After you buy a smartphone and the required mobile broadband service, what you do with the device is your business, right? Maybe not. Earlier this month, the XDA-Developer site noticed that a preinstalled mobile app, named Carrier IQ, was logging all smartphone activities with no way to opt out. On Wednesday, a new video demonstration surfaced that demonstrates exactly what the Carrier IQ software does. And it’s disturbing, especially when you consider more than 141 million Android, BlackBerry, (s rimm) and Nokia (s nok) handsets have the software installed.
Here’s the entire 17 minute video; a bit long, yes, but if you have a smartphone, it’s well worth watching. If you want to skip the basic handset setup parts — showing that this is a freshly restored phone — hit the video around the 8 minute mark to see the logging aspects.
- Logging of keystrokes. Nearly every button — hardware or software — is noted when pressed. I noticed the keystrokes for input were based on ASCII standard codes, which are fairly universal. That means the keylogging feature can easily work across nearly all devices.
- Text of incoming SMS messages. Don’t expect privacy of what you’re sending or receiving on a phone with CarrierIQ installed.
- Web browsing information through what are supposed to be encrypted transactions. Eckhart did a simple Google search with the browser in a private mode using the secure HTTPS protocol. Yet, his exact search term in the browser was captured, even when using the phone on his home Wi-Fi network.
The Carrier IQ software can’t be disabled, either, making the situation even worse. Eckhart shows the service is set to run at all times and can’t be shut off through the standard “Force Close” option in Android. There’s no opt-out method; the service runs invisibly in the background; and there’s nothing a consumer can do to stop it. Why does CarrierIQ capture this data? According to the company’s website, the reason is to help both carriers and handset makers:
Recognizing the phone as an integral part of a mobile service delivery, and using the device to measure key parameters of service quality and usage, the Carrier IQ solution gives you the unique ability to analyze in detail usage scenarios and fault conditions by type, location, application and network performance while providing you with a detailed insight into the mobile experience as delivered at the handset rather than simply the state of the network components carrying it.

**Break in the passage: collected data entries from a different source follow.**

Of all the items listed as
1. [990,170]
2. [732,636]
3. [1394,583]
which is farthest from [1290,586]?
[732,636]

I understand the need to log data and share details — to a point. Let’s face it: Computers have logged such data for years; mainly to help troubleshoot problems. But those logs weren’t sent anywhere without the user’s knowledge, and that’s what makes this situation very different.
I’ll be looking into this a bit deeper, but while I do, there are some interesting questions raised by this video. Although consumers are buying smartphones — and assume they have ownership — are the handsets theirs to do with as they please, without the carriers or handset makers knowing what they’re doing? One could argue that the smartphone isn’t owned until it’s fully paid for, since carriers often subsidize the actual hardware costs, but I think the argument is lame, at best.

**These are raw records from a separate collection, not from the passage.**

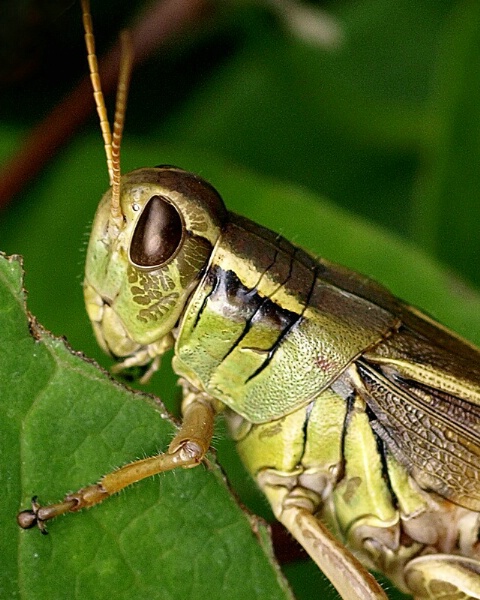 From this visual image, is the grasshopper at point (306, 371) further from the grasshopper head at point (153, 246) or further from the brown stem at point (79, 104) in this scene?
the brown stem at point (79, 104)

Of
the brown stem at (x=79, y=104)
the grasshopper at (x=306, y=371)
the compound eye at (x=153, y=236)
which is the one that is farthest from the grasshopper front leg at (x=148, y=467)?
the brown stem at (x=79, y=104)

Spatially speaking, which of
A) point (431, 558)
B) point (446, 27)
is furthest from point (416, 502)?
point (446, 27)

What about the network itself, which is generally required to gain the full benefit of having a connected device? Does the monthly fee to “rent” mobile broadband service mean consumers have no privacy rights while on the carrier network? From a consumer standpoint, I’d argue that yes, there should be some level of privacy. Then again, carriers spent billions of dollars on the infrastructure and want to protect their investment. Thoughts?